Good NY Times piece today by Paul Tough on the controversy surrouding ADHD and its treatment with stimulants. It begins with James Swanson, one of the early experts on the problem and one of the first to experiment with giving stimulants to patients. In the mid 1990s, he was part of a major, NIH-funded study:
Swanson was in charge of the site in Orange County, Calif. He recruited and selected about 100 children with A.D.H.D. symptoms, all from 7 to 9 years old. They were divided into treatment groups — some were given regular doses of Ritalin, some were given high-quality behavioral training, some were given a combination and the remainder, a comparison group, were left alone to figure out their own treatment. The same thing happened at five other sites across the continent. Known as the Multimodal Treatment of Attention Deficit Hyperactivity Disorder Study, or M.T.A., it was one of the largest studies ever undertaken of the long-term effects of any psychiatric medication.
The initial results of the M.T.A. study, published in 1999, underscored the case for stimulant medication. After 14 months of treatment, the children who took Ritalin every day had significantly fewer symptoms than the ones who received only behavioral training. Word went out to clinics and pediatricians’ offices around the country: Ritalin worked. . . .
Though Swanson had welcomed that initial increase in the diagnosis rate, he expected it to plateau at 3 percent. Instead, it kept rising, hitting 5.5 percent of American children in 1997, then 6.6 percent in 2000. As time passed, Swanson began to grow uneasy. He and his colleagues were continuing to follow the almost 600 children in the M.T.A. study, and by the mid-2000s, they realized that the new data they were collecting was telling a different — and less hopeful — story than the one they initially reported. It was still true that after 14 months of treatment, the children taking Ritalin behaved better than those in the other groups. But by 36 months, that advantage had faded completely, and children in every group, including the comparison group, displayed exactly the same level of symptoms. Swanson is now 80 and close to the end of his career, and when he talks about his life’s work, he sounds troubled — not just about the M.T.A. results but about the state of the A.D.H.D. field in general. “There are things about the way we do this work,” he told me, “that just are definitely wrong.”
This exactly matches our experience in this house. Our eldest son is a classic ADHD case – and since we have two other sons, we know the difference between that and normal boyishness. We put him on Ritalin for a while, and he showed immediate changes: he did better in school, started reading books, bothered his siblings less. At first he was excited about this, but after some time – a couple of months, maybe? – he started to complain that he didn't like the way the meds made him feel, so we took him off them. After that we left the decision about taking them entirely up to him, and he used them on and off over the next few years, we think taking them when he got anxious about his grades.

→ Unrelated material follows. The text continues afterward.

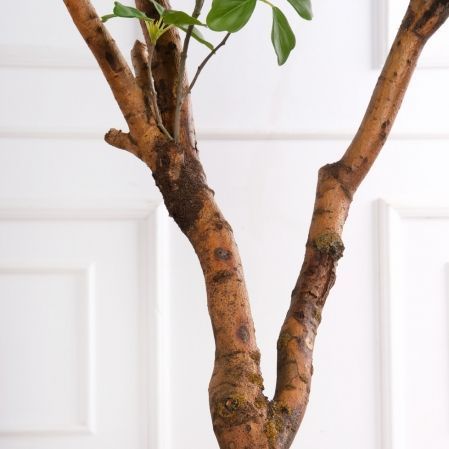 150/ВИТ/АСС/534(з)(F) Шеффлера искусственная Компакта h150см d60х60см, латекс 150/ВИТ/АСС/534(з)(F) Шеффлера искусственная Компакта h150см d60х60см, латекс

As I have written here many times, I think the human quest for drugs that change how we feel is ancient and unending, and that this says something important about how evolution has shaped us. It presumably also says something important about our society, in which the ability to sit still and concentrate on demanding work is very highly valued. So in principle I see nothing wrong with drugs that help some people sit still and concentrate. But I do not think we really understand what we are doing, or what the long-term consequences might be. So I very much appreciated this, from British neuroscientist Edmund Sonuga-Barke, who says that so far as he can tell "people with ADHD" is not a real category with definable boundaries:
Tough's piece covers many of the current controversies including whether ADHD patients should be sorted into different groups that are treated differently, whether the medications have unpleasant side effects, and whether the real answer is to let kids study what interests them. I recommend it. For me it strongly reinforced my basic assumption about all psychological issues, that you should never trust anyone who claims to have the answers.I’ve invested 35 years of my life trying to identify the causes of A.D.H.D., and somehow we seem to be farther away from our goal than we were when we started. We have a clinical definition of A.D.H.D. that is increasingly unanchored from what we’re finding in our science.
1 comment:
I'm coming to believe that "we do not really understand what we are doing" is a deep truth about human life in general. Likewise, "never trust anyone who claims to have the answers" is, I think, good advice all around, especially if those answers are simple and hopeful. On the other hand, I would insist that a lack of definable boundaries does not in itself reduce a category's usefulness. Many, many categories in history and the social sciences--such as "the state," "class," "history" itself, etc., etc.--have been attacked, probably for centuries, for not having definable boundaries, without any practical effect, precisely because they are useful and reflect phenomena one can't get away from (or, that the critics who complain about lack of boundaries haven't taught us not to perceive). I suggest psychology belongs with history and the social sciences in this, as in many other regards. I say this without having any interest in undermining Sonuga-Barke specifically or in defending ADHD as a category.